Eye For Film >> Movies >> Memorable (2019) Film Review
Memorable
Reviewed by: Jennie Kermode
"Time spent in a painting is very much like going there again on vacation," the artist John Burk once said. "When the painting is done, I have seen every detail and nuance so thoroughly that a glance at the completed work is sufficient for a short visit."
It's not unusual for people with forms of amnesia to use pictures as memory aides. Louis (voiced by André Wilms) has been a painter all his life but, alas, he is losing his ability at the same time as memory is being stripped away from him by advancing dementia. His wife Michelle (Dominique Reymond) cares for him day in and day out, mostly alone, and they're both finding it exhausting. But despite all that he's lost, a core of Louis remains - his artist's instincts, his intelligence, his humour and his love for her.
Bruno Collet's film is one of three stop motion animated shorts nominated for the Oscars this year.

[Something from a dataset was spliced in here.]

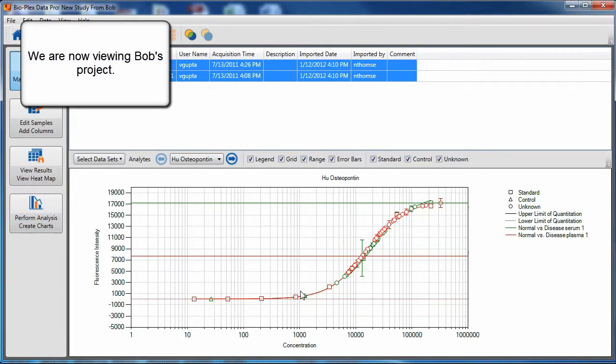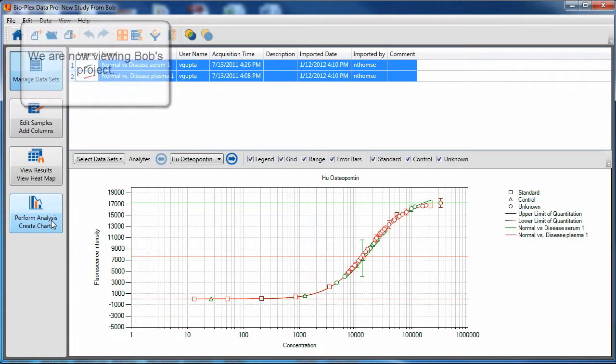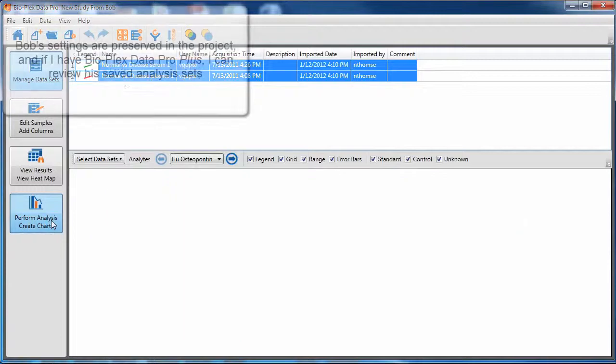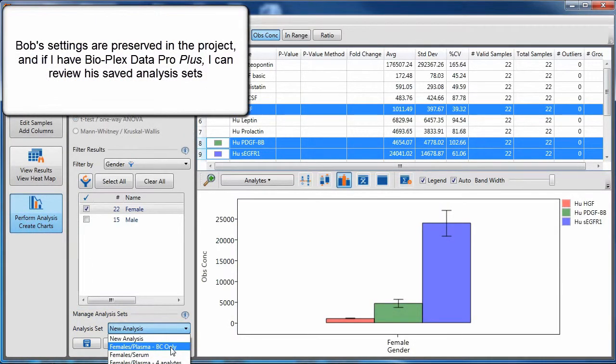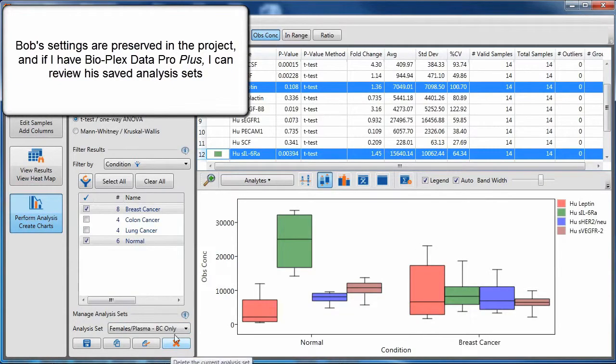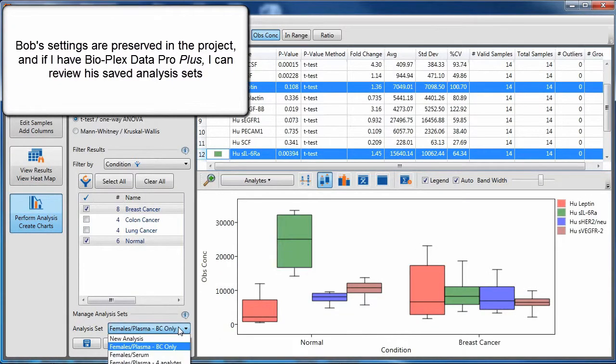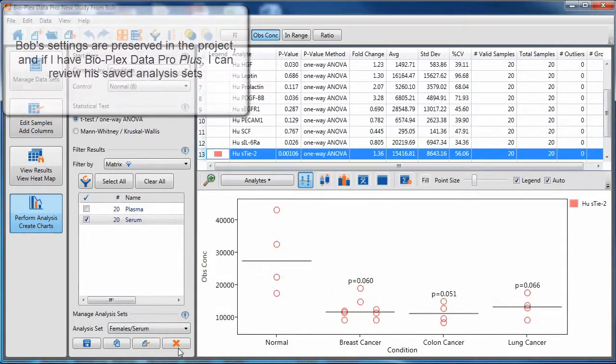Once I import the project, I am now viewing Bob's project. Bob's settings are preserved, and if you have BioPlex Data Pro Plus, you can review his saved analysis sets.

Though its puppets do most of the heavy lifting, it also blends in computer-generated animation techniques to explore Louis' changing perception, the contrast between the two emphasising the physicality of the former and, in turn, the physical burden of being a carer. Meanwhile, the paint that Louis sees bubbling up towards him seems like a layer of reality peeling away. Over the course of the film, Collet extends this metaphor to show us the disintegration of his ability to connect with the real world, the loss of memory gradually extending into a loss of immediate awareness.
Collet shows a rare understanding of the way that illnesses like this destroy part of a person rather than haphazardly crushing everything they are. Louis is presented throughout as a rational man trying to make sense of an increasingly irrational world. He approaches this in ways that are brave and creative and this helps us get to know him as a character so that the film is very much his story, not just another story about how such an illness affects those around the sufferer. Nevertheless, we see a good deal of Michelle's struggle too in a film that is impressively condensed, making efficient use of background dialogue. It has the density of a well written poem whilst retaining that sense of space and whimsy.
With a surprising store of warmth and joy hidden behind its tragic exterior, this is a beautiful little film which brings together impressive technical skill. insight and heart.